# Gas company knows best



## wyrickmech (Mar 16, 2013)

Ad a interesting day. I installed a 3,000,000 btu water heater and today was start up. The gas company had told me that they would be setting two 1000 gal tanks for the heater. I ask them if they were supplying a vaporizer. They explained to me how there was no need for one. Sense they were the gas supplier I did not question them sense that is there field of expertise. Today was a lesson for them one they had a regulator that only allowed 10 to14 inches of gas. The requirements were 1 to 10 pounds of delivery pressure and no vaporizer. We found a vaporizer and will fix I will fix that tomorrow. The look on the gas mans face when I explained the heater uses 32.5 gallons an hour was priceless. I told him this was not your every day install and he said you can say that again. I fell bad for them but if they would only listen sometimes.


----------



## TX MECH PLUMBER (May 27, 2011)

Pics of this heater ??


----------



## wyrickmech (Mar 16, 2013)

TX MECH PLUMBER said:


> Pics of this heater ??


here is a couple before I got the flue done. I will take some final Picts.


----------



## rjbphd (Feb 5, 2010)

I'm new here, what's a vaporizer??


----------



## wyrickmech (Mar 16, 2013)

rjbphd said:


> I'm new here, what's a vaporizer??


Under high flow the LP will not turn to vapor in the tanks fast enough. So you will pull liquid into the line. The vaporizer heats that liquid until it becomes vapor. It is simply a heater for the gas line.


----------



## rjbphd (Feb 5, 2010)

wyrickmech said:


> Under high flow the LP will not turn to vapor in the tanks fast enough. So you will pull liquid into the line. The vaporizer heats that liquid until it becomes vapor. It is simply a heater for the gas line.

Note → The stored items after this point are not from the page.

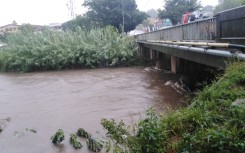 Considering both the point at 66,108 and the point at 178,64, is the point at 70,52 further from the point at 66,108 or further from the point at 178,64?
the point at 66,108

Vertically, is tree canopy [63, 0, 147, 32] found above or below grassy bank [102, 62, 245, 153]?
above

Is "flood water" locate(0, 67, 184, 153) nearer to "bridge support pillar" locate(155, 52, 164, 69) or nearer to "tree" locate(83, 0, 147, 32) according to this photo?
"bridge support pillar" locate(155, 52, 164, 69)

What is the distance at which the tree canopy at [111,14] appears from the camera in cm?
4572

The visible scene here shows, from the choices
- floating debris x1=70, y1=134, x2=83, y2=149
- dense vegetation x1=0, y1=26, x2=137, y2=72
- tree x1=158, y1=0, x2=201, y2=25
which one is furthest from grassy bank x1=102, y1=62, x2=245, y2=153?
tree x1=158, y1=0, x2=201, y2=25

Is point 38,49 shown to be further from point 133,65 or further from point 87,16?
point 87,16

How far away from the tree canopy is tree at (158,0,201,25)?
473 centimetres

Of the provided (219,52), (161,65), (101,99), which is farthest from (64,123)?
(161,65)

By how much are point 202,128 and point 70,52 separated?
24664 millimetres

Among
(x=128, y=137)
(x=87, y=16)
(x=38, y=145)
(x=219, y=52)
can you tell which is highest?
(x=87, y=16)

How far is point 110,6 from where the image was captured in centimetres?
4619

Ahhh.. makes sense on the lp supply... if its a heater, electric or smaller lp heater?


----------



## wyrickmech (Mar 16, 2013)

rjbphd said:


> Ahhh.. makes sense on the lp supply... if its a heater, electric or smaller lp heater?

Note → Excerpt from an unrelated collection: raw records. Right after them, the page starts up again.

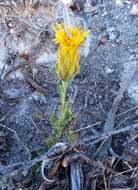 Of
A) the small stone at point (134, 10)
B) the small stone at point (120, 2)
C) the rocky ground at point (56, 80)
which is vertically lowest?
the rocky ground at point (56, 80)

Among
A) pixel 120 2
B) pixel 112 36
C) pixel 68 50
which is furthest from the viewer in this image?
pixel 120 2

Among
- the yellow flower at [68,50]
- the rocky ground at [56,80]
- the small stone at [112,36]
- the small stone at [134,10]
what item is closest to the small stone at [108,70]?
the rocky ground at [56,80]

small gas fired heater it can vaporize 50 gph. The heater may use almost all of its rated gas consumption in 15 min so that is why they went with 50 gph.


----------



## rjbphd (Feb 5, 2010)

wyrickmech said:


> small gas fired heater it can vaporize 50 gph. The heater may use almost all of its rated gas consumption in 15 min so that is why they went with 50 gph.


Learned something new everyday... thanks


----------



## TX MECH PLUMBER (May 27, 2011)

I miss big mech work I miss mech rooms cranes Hillam rollers chillers the size of busses Cooling towers copper bigger then 2" jobs that last a year 
But I still love my job

Great looking work. Very cool


----------